» **ABOUT THIS EXERCISE**: Copy the complete listing that follows, letter for letter.
# # # # # # #
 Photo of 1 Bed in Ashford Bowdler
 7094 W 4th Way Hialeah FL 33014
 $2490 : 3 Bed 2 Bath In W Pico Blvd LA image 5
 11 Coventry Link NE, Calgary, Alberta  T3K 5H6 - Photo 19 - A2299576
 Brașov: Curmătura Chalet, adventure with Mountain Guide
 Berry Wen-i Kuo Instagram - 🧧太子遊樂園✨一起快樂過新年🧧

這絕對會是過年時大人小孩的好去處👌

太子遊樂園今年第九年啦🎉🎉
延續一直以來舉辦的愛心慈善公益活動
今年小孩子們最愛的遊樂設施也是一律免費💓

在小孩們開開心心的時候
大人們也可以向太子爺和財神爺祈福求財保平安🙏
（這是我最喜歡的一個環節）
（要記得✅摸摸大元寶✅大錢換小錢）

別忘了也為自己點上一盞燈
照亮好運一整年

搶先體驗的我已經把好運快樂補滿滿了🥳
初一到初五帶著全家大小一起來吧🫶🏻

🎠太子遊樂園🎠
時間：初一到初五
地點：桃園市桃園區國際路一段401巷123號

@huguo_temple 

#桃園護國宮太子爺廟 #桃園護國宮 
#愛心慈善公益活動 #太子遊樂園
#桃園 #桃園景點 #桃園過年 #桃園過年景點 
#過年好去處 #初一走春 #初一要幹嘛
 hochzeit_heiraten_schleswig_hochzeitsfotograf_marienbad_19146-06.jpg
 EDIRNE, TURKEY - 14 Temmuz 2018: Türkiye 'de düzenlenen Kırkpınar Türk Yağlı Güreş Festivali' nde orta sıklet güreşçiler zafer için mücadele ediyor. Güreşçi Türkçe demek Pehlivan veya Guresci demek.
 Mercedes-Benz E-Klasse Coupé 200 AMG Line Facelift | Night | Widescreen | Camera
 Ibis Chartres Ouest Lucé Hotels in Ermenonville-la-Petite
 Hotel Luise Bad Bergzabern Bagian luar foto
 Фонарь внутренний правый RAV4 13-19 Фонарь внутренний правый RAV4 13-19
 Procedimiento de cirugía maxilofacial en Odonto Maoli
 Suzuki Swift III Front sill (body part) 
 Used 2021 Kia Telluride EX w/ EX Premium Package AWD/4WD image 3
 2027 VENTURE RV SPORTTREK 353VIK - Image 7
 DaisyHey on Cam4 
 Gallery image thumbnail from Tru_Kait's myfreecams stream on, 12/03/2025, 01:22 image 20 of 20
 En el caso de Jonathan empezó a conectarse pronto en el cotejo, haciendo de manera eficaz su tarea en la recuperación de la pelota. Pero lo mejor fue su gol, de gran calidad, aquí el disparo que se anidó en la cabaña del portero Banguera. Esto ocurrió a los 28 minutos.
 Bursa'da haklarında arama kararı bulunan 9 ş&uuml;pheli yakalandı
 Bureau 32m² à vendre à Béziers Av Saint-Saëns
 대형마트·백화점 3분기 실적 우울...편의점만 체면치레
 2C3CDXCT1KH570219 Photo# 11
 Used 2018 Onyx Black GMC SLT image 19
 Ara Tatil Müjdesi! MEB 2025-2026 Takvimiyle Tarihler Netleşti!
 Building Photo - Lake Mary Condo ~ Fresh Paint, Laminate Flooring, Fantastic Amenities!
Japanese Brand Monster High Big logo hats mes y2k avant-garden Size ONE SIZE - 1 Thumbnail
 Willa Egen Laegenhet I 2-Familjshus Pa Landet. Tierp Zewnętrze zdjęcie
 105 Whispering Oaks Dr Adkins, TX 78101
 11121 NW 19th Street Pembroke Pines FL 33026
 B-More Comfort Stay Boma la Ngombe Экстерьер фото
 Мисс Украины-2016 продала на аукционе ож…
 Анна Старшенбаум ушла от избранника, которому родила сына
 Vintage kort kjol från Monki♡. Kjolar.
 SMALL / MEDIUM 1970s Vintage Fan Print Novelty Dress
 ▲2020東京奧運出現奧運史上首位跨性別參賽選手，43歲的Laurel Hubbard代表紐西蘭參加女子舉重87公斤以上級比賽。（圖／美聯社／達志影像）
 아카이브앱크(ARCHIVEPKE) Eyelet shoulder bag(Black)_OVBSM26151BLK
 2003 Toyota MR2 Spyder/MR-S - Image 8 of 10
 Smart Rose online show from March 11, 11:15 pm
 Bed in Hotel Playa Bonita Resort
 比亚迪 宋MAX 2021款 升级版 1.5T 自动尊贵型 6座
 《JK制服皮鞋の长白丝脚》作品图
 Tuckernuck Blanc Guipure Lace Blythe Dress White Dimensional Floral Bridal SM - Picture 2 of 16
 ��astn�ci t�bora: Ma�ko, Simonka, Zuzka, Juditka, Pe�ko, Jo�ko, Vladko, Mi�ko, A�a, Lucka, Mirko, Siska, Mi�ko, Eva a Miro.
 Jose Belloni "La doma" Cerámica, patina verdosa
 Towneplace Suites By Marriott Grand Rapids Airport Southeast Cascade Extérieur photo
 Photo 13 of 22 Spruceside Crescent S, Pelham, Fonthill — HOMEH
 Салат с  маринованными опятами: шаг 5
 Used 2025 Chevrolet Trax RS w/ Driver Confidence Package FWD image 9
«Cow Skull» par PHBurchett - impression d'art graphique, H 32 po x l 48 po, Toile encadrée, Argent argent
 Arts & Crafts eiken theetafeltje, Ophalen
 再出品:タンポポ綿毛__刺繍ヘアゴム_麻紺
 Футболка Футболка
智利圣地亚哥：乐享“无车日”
# # # # # # #
» **RESPONSE AREA**:
 Photo of 1 Bed in Ashford Bowdler
 7094 W 4th Way Hialeah FL 33014
 $2490 : 3 Bed 2 Bath In W Pico Blvd LA image 5
 11 Coventry Link NE, Calgary, Alberta  T3K 5H6 - Photo 19 - A2299576
 Brașov: Curmătura Chalet, adventure with Mountain Guide
 Berry Wen-i Kuo Instagram - 🧧太子遊樂園✨一起快樂過新年🧧

這絕對會是過年時大人小孩的好去處👌

太子遊樂園今年第九年啦🎉🎉
延續一直以來舉辦的愛心慈善公益活動
今年小孩子們最愛的遊樂設施也是一律免費💓

在小孩們開開心心的時候
大人們也可以向太子爺和財神爺祈福求財保平安🙏
（這是我最喜歡的一個環節）
（要記得✅摸摸大元寶✅大錢換小錢）

別忘了也為自己點上一盞燈
照亮好運一整年

搶先體驗的我已經把好運快樂補滿滿了🥳
初一到初五帶著全家大小一起來吧🫶🏻

🎠太子遊樂園🎠
時間：初一到初五
地點：桃園市桃園區國際路一段401巷123號

@huguo_temple 

#桃園護國宮太子爺廟 #桃園護國宮 
#愛心慈善公益活動 #太子遊樂園
#桃園 #桃園景點 #桃園過年 #桃園過年景點 
#過年好去處 #初一走春 #初一要幹嘛
 hochzeit_heiraten_schleswig_hochzeitsfotograf_marienbad_19146-06.jpg
 EDIRNE, TURKEY - 14 Temmuz 2018: Türkiye 'de düzenlenen Kırkpınar Türk Yağlı Güreş Festivali' nde orta sıklet güreşçiler zafer için mücadele ediyor. Güreşçi Türkçe demek Pehlivan veya Guresci demek.
 Mercedes-Benz E-Klasse Coupé 200 AMG Line Facelift | Night | Widescreen | Camera
 Ibis Chartres Ouest Lucé Hotels in Ermenonville-la-Petite
 Hotel Luise Bad Bergzabern Bagian luar foto
 Фонарь внутренний правый RAV4 13-19 Фонарь внутренний правый RAV4 13-19
 Procedimiento de cirugía maxilofacial en Odonto Maoli
 Suzuki Swift III Front sill (body part) 
 Used 2021 Kia Telluride EX w/ EX Premium Package AWD/4WD image 3
 2027 VENTURE RV SPORTTREK 353VIK - Image 7
 DaisyHey on Cam4 
 Gallery image thumbnail from Tru_Kait's myfreecams stream on, 12/03/2025, 01:22 image 20 of 20
 En el caso de Jonathan empezó a conectarse pronto en el cotejo, haciendo de manera eficaz su tarea en la recuperación de la pelota. Pero lo mejor fue su gol, de gran calidad, aquí el disparo que se anidó en la cabaña del portero Banguera. Esto ocurrió a los 28 minutos.
 Bursa'da haklarında arama kararı bulunan 9 ş&uuml;pheli yakalandı
 Bureau 32m² à vendre à Béziers Av Saint-Saëns
 대형마트·백화점 3분기 실적 우울...편의점만 체면치레
 2C3CDXCT1KH570219 Photo# 11
 Used 2018 Onyx Black GMC SLT image 19
 Ara Tatil Müjdesi! MEB 2025-2026 Takvimiyle Tarihler Netleşti!
 Building Photo - Lake Mary Condo ~ Fresh Paint, Laminate Flooring, Fantastic Amenities!
Japanese Brand Monster High Big logo hats mes y2k avant-garden Size ONE SIZE - 1 Thumbnail
 Willa Egen Laegenhet I 2-Familjshus Pa Landet. Tierp Zewnętrze zdjęcie
 105 Whispering Oaks Dr Adkins, TX 78101
 11121 NW 19th Street Pembroke Pines FL 33026
 B-More Comfort Stay Boma la Ngombe Экстерьер фото
 Мисс Украины-2016 продала на аукционе ож…
 Анна Старшенбаум ушла от избранника, которому родила сына
 Vintage kort kjol från Monki♡. Kjolar.
 SMALL / MEDIUM 1970s Vintage Fan Print Novelty Dress
 ▲2020東京奧運出現奧運史上首位跨性別參賽選手，43歲的Laurel Hubbard代表紐西蘭參加女子舉重87公斤以上級比賽。（圖／美聯社／達志影像）
 아카이브앱크(ARCHIVEPKE) Eyelet shoulder bag(Black)_OVBSM26151BLK
 2003 Toyota MR2 Spyder/MR-S - Image 8 of 10
 Smart Rose online show from March 11, 11:15 pm
 Bed in Hotel Playa Bonita Resort
 比亚迪 宋MAX 2021款 升级版 1.5T 自动尊贵型 6座
 《JK制服皮鞋の长白丝脚》作品图
 Tuckernuck Blanc Guipure Lace Blythe Dress White Dimensional Floral Bridal SM - Picture 2 of 16
 ��astn�ci t�bora: Ma�ko, Simonka, Zuzka, Juditka, Pe�ko, Jo�ko, Vladko, Mi�ko, A�a, Lucka, Mirko, Siska, Mi�ko, Eva a Miro.
 Jose Belloni "La doma" Cerámica, patina verdosa
 Towneplace Suites By Marriott Grand Rapids Airport Southeast Cascade Extérieur photo
 Photo 13 of 22 Spruceside Crescent S, Pelham, Fonthill — HOMEH
 Салат с  маринованными опятами: шаг 5
 Used 2025 Chevrolet Trax RS w/ Driver Confidence Package FWD image 9
«Cow Skull» par PHBurchett - impression d'art graphique, H 32 po x l 48 po, Toile encadrée, Argent argent
 Arts & Crafts eiken theetafeltje, Ophalen
 再出品:タンポポ綿毛__刺繍ヘアゴム_麻紺
 Футболка Футболка
智利圣地亚哥：乐享“无车日”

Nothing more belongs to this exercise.